A 16 años de implementación de las reformas económicas en el país, éstas no se han traducido en mejores condiciones para la ciudadanía hondureña, según el Informe sobre Desarrollo Humano 2006.
El estudio elaborado por el Programa de las Naciones Unidas para el Desarrollo, Pnud, plantea que los avances no han sido contundentes.
No obstante algunos progresos macroeconómicos, siguen persistiendo severos problemas de pobreza, desempleo, desigualdad social, baja calidad de los puestos de trabajo, precariedad laboral, fuertes desafíos en la calidad de la educación, insuficiencia de los servicios de salud y de infraestructura básica.
Desigualdad
Honduras se sitúa en el tercer lugar de los países de Latinoamérica con mayor desigualdad educativa.
La inequidad en la educación contribuye a perpetuar la inequidad de ingresos.
Producto de las reformas, la economía hondureña de hoy tiene muchas características diferentes a las que predominaban a finales de los años ochenta.
Es una economía menos intervenida y con una mayor participación de los mercados, más abierta, con una base productiva y de exportaciones más amplia que puede potenciarse aun más.
Sin embargo, se mantienen desafíos importantes, entre ellos: la baja productividad, las tasas de crecimiento continúan siendo relativamente bajas y sin sostenibilidad y el PIB per cápita se mantiene como uno de los más bajos de la región.

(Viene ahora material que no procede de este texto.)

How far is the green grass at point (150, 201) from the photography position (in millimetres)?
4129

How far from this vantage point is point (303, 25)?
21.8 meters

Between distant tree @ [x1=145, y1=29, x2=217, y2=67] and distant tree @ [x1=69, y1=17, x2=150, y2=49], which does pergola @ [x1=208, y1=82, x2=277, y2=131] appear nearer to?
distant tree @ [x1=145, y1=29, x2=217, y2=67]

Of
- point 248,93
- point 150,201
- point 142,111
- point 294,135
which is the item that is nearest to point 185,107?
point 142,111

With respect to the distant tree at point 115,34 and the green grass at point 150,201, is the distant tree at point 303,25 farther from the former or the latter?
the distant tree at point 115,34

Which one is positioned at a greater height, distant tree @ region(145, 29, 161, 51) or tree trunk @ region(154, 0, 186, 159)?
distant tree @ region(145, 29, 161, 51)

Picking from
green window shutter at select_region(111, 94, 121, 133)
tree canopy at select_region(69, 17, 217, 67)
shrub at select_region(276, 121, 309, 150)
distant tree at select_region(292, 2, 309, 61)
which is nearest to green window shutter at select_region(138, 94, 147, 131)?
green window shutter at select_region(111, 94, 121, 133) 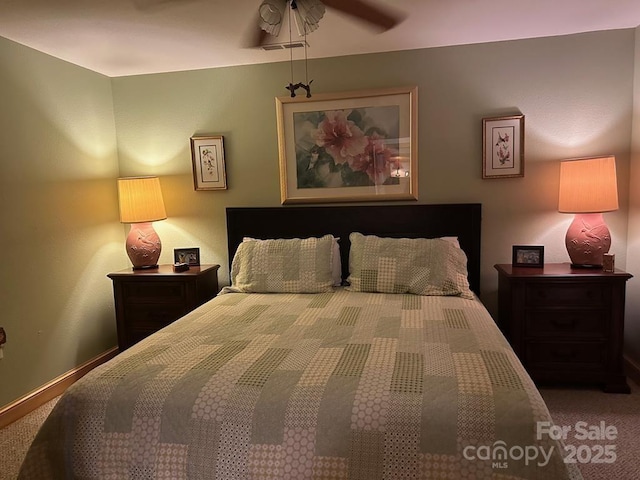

Al comparar cómo se distribuye el ingreso nacional, se aprecia que en Honduras al 20 por ciento más rico de la población le corresponde el 29.5 por ciento de dicho ingreso, mientras en Costa Rica esa relación es del 13 por ciento, es decir, la mitad respecto a Honduras.
Lo anterior indica dificultades de la población hondureña de contar con recursos financieros que le permitan optar a vivir una vida con razones para valorar.
Las reformas económicas no se han traducido en mejores condiciones para población hondureña.
Pobreza
La pobreza ha aumentado en valores absolutos. En 2004, había 110,000 hogares más en pobreza que en 2002, de los cuales 86,000 estaban en pobreza.
Más de dos millones de personas con pobreza humana, careciendo de elementos esenciales para el desarrollo de sus capacidades como seres humanos.
Desempleo
En términos de empleo, la tasa de desempleo no varía mucho durante el período pero sí el subempleo invisible.
Aunque disminuye en términos porcentuales al pasar de 31.5 por ciento en 1990 a 27.8 por ciento en 2004, en valores absolutos significa un incremento alrededor de 200,000 hondureños subempleados, con ingresos que no les permiten hacer frente a las necesidades básicas.
Al consultar sobre el impacto que las reformas tributarias han tenido en ellos, los resultados indican que para más del 30 por ciento de la población de nivel socioeconómico
bajo las reformas no han tenido ningún significado.
Asimismo, cerca del 14 por ciento de esa misma población manifestó no saber en qué han consistido dichas reformas.
Cerca de un 10 por ciento de la población de nivel socioeconómico alto considera que las reformas tributarias lo han beneficiado, mientras para un porcentaje importante de la población de nivel socieconómico medio, aproximadamente el 60 por ciento la percepción es que las reformas tributarias le han perjudicado.
El informe concluye así que las reformas económicas no han logrado de manera concluyente, los objetivos propuestos a nivel económico y social.
Las reformas económicas en Honduras
En Honduras, desde inicios de los años noventa se adoptaron reformas de ajuste estructural que han incluido la reforma comercial mediante la reducción de los aranceles promedio y la eliminación de barreras no arancelarias.
La liberalización de los mercados financieros, eliminando los controles sobre las tasas de interés y la asignación del crédito.
La liberalización del comercio agropecuario con la eliminación de los controles y fijaciones de precios agrícolas.
La reducción de la intervención del Gobierno en la comercialización de productos alimenticios.
Aumento constante de las tarifas de los servicios públicos, flexibilización del mercado cambiario y la privatización de los aeropuertos.